Although no one from Nelson Cruz & Associates appeared in response to the order to show cause, on closer review the Court finds that the debtor has not shown by clear and convincing evidence that Nelson Cruz & Associates had actual knowledge of the debtor's bankruptcy discharge at the time Angela Davis attempted to contact the debtor. Additionally, it appears that once the debtor informed Ms. Davis of his bankruptcy discharge, Nelson Cruz & Associates made no further collection efforts.

It is not entirely clear to the Court under what circumstances Nelson Cruz & Associates undertook this collection effort.
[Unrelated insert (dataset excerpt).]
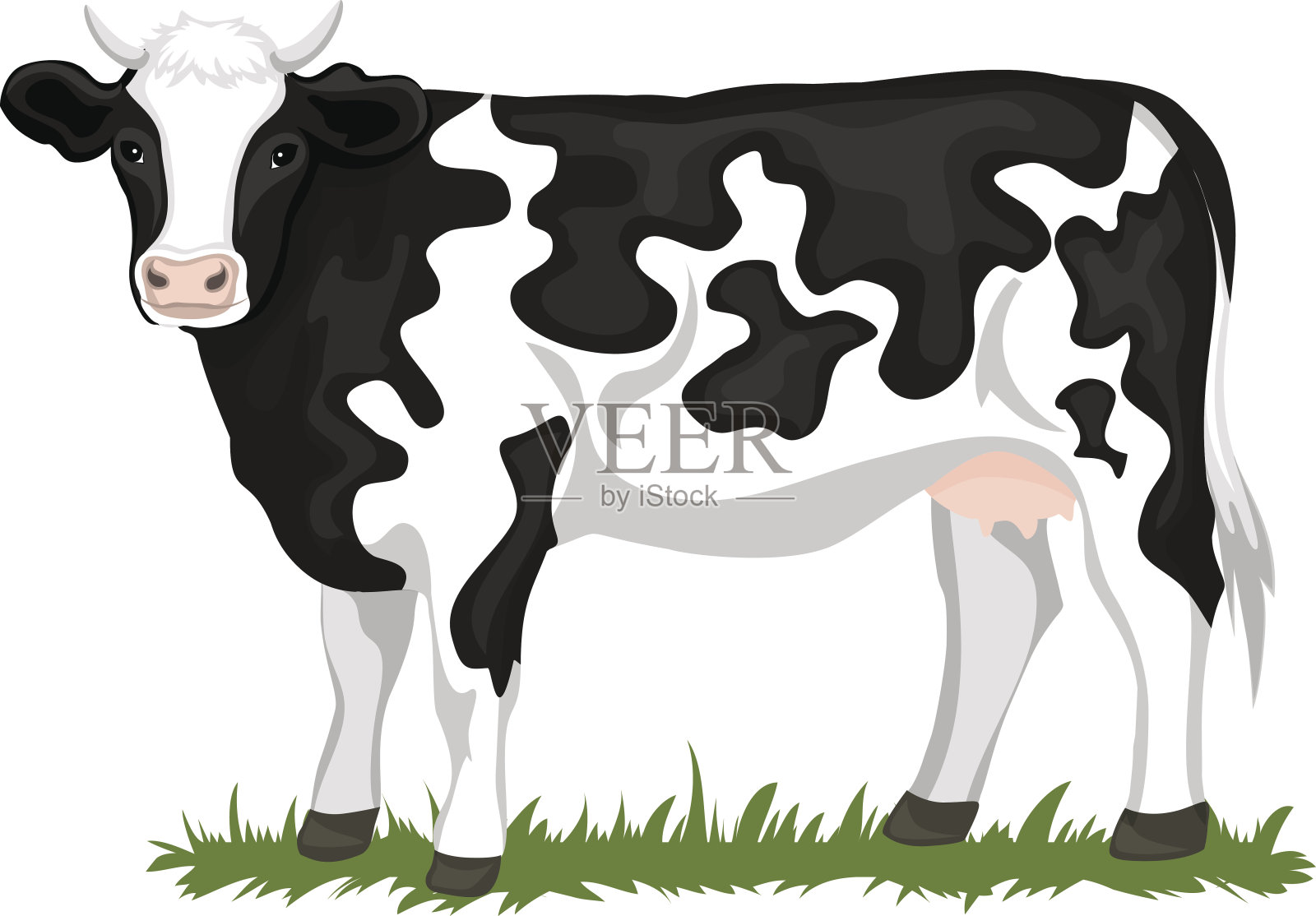 荷斯坦黑色和白色补丁涂牛，孤立的矢量插图设计元素图片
Among other possibilities, it could be that Washington Mutual or JP Morgan Chase employed Nelson Cruz & Associates as a collection agent for this debt or sold this discharged debt to Nelson Cruz & Associates. While it is unfortunate that Nelson Cruz & Associates attempted to collect on a discharged debt, the more appropriate course of action would be for the debtor to move for an order that Washington Mutual and/or JP Morgan Chase - both of whom presumably had actual notice of the debtor's discharge - appear and show cause why they should not be sanctioned for violating the discharge injunction through the collection efforts of Nelson Cruz & Associates. See In re Gunter, 389 B.R. at 73-74 (creditor violates discharge injunction by turning a discharged debt over to a third party without informing that party of the discharge). See also In re Nassoko, 405 B.R. 515, 521-22 (Bankr. S.D.N.Y. 2009) (comparing In re Gunter, 389 B.R. 67 (Bankr. S.D. Ohio 2008) with Finnie v. First Union Nat'l Bank, 275 B.R. 743 (E.D. Va. 2002)).

Accordingly, the debtor's motion for sanctions is denied without prejudice.

IT IS SO ORDERED.

IT IS SO ORDERED.

Dated: September 16, 2016

/s/ _________

ARTHUR I. HARRIS

UNITED STATES BANKRUPTCY JUDGE


Summaries of

In re Hamaoui

UNITED STATES BANKRUPTCY COURT NORTHERN DISTRICT OF OHIO
Sep 16, 2016
Case No. 14-12194 (Bankr. N.D. Ohio Sep. 16, 2016)
Case details for

In re Hamaoui

Case Details

Full title:In re: NABIL SALEM HAMAOUI, Debtor.

Court:UNITED STATES BANKRUPTCY COURT NORTHERN DISTRICT OF OHIO

Date published: Sep 16, 2016

Citations

Case No. 14-12194 (Bankr. N.D. Ohio Sep. 16, 2016)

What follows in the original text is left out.